Google parent Alphabet has increased its planned equity raise to approximately $84.75 billion, up from the $80 billion it had announced just a couple of days ago. Notably, the tech giant is looking for a capital infusion in order to meet the massive infrastructure demands of artificial intelligence.
According to a Reuters report citing a 2 June filing, Alphabet now plans to raise $18 billion through the sale of Class A and Class C shares and a further $16.75 billion through depositary shares. Alphabet had previously planned to raise $30 billion through concurrent public offerings backed by investment banks, split evenly between the two categories.
Alphabet confirmed in its investor note that the company has also received $10 billion in investment from Berkshire Hathaway and an additional $40 billion through an at-the-market offering programme in the third quarter of the year.
Alphabet's historic equity raise:
The expanded offering from Alphabet is also set to make history. Even at the previously announced $80 billion level, Alphabet was on track to complete the largest equity capital markets transaction ever recorded, according to Bloomberg data. The fundraising would reportedly surpass the roughly $70 billion stock sale completed by Brazilian oil giant Petrobras in 2010, which currently holds the record for the world's largest equity offering.

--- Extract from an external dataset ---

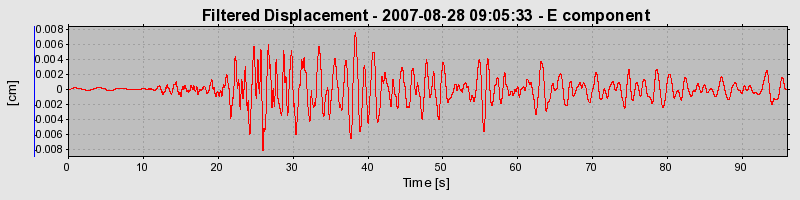 Plot-20160724-8962-11uctxs-0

In an investor presentation published by the company, Alphabet CEO Sundar Pichai said demand for the company's AI solutions from both enterprises and consumers is now "meaningfully exceeding" available supply.
"We are experiencing strong demand for our AI solutions and services from enterprises and consumers, at levels that are meaningfully exceeding our available supply," Pichai said.
The company currently operates more than 30 data centres and over 40 cloud regions worldwide, connected through 10 million kilometres of terrestrial and subsea fibre networks.
Talking about the increased demand for AI systems, Alphabet said it processed just 9.7 trillion tokens per month two years ago. Today, that figure has climbed to 3.2 quadrillion tokens monthly, representing more than a 300-fold increase.
The fundraising comes as Alphabet ramps up spending to meet soaring demand for AI infrastructure. The company raised its 2026 capital expenditure forecast by $5 billion in April and now expects to spend between $180 billion and $190 billion this year, with most of the money going towards data centres, networking equipment, and AI computing infrastructure, Reuters reported.
As companies rush to build the infrastructure needed for training and running powerful AI models, the report notes that major technology companies are expected to have a combined capital expenditure of over $700 billion in 2026, up from earlier projections of around $600 billion.
Pichai, in a post on X (formerly Twitter), thanked investors for backing the company's AI strategy.
"On Monday we announced an equity offering for Alphabet – part of our multi-year investment strategy to meet the AI opportunity ahead and support the demand we're seeing from enterprises and consumers," Pichai wrote. "Pleased to share the offering was well over-subscribed," he added.